Niemand zal er door tot ware kennis Gods komen; niemand kan er door tot die ware kennis komen. Zo radikaal en door en door is de breuk van ons mensen met onze God. Zo totaal hebben we ons in Adam aan de duisternis prijs gegeven en besteden we ons leven in de duisternis van de moedwillige afkeer van God, die het Licht is. Maar dat we uit Gods spreken in de schepping, onderhouding en regering van de gehele wereld geen zuivere kennis Gods meer opdoen, mag niet op rekening van de algemene openbaring geschreven worden, doch komt volledig ten laste van de mens te liggen. Zo zullen de onzienlijke dingen, die God te aanschouwen geeft in het boek zijner schepping genoegzaam zijn om de mensen te overtuigen en hen alle onschuld te benemen.

Met alle klem moet telkens weer gewezen worden op het radikale van onze verdorvenheid, en op de opzettelijke moedwil waarmee wij van God zijn afgevallen en volharden in het boze.

Als we daarvan overtuigd zijn in het luisteren naar het Woord van God, moeten we met beving onderschrijven het woord, dat de gehele wereld voor God verdoemelijk zij (Rom. 3:19). De vraag, hoe het dan toch is met die miljoenen heidenen verstomt op onze lippen. God is Rechter, die beslist, we schrijven Hem geen ongerijmds toe.

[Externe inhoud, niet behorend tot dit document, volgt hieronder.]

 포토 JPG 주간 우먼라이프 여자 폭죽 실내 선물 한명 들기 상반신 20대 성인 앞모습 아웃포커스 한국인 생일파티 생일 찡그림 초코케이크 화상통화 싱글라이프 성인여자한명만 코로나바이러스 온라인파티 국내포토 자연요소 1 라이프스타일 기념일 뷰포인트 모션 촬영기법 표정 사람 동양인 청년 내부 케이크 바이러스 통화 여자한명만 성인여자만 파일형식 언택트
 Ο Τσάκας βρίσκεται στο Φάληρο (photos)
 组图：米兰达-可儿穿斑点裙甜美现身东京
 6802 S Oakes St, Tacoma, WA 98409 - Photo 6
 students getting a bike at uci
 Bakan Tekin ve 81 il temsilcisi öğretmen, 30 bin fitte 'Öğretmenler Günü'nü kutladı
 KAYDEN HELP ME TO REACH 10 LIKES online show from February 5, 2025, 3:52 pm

Er kan een siddering door ons gaan, maar God spreken wij vrij en wijzelf < — niet anderen — gaan onder het oordeel door: de ganse wereld voor God verdoemelijk.

Als we het zo verstaan, zullen we des te meer het weergaloze van de genade Gods in Christus, waarin Hij met zijn tweede openbaringsmiddel tot ons komt, n.1. zijn Woord, „waardoor Hij zichzelf ons nog klaarder en volkomener te kennen geeft, te weten, zoveel als ons van node is in dit leven, tot zijn eer en de zaligheid der zijnen". Daarin ligt al immers opgesloten, dat God een weg heeft gevonden, ja heeft willen stellen, waarlangs Hij afdaalt tot de mens, die zich in absolute vijandschap van Hem heeft losgescheurd en zich tegenover Hem opstelt en tegelijk in doodsangst voor Hem vlucht; de mens, die zich de eeuwige vervloeking heeft waardig gemaakt. —

Grondeloze barmhartigheid Gods! •—

Zo mogen we dan nu spreken van twee heerlijke middelen, die God geschonken heeft, opdat wij daardoor Hem zouden kennen.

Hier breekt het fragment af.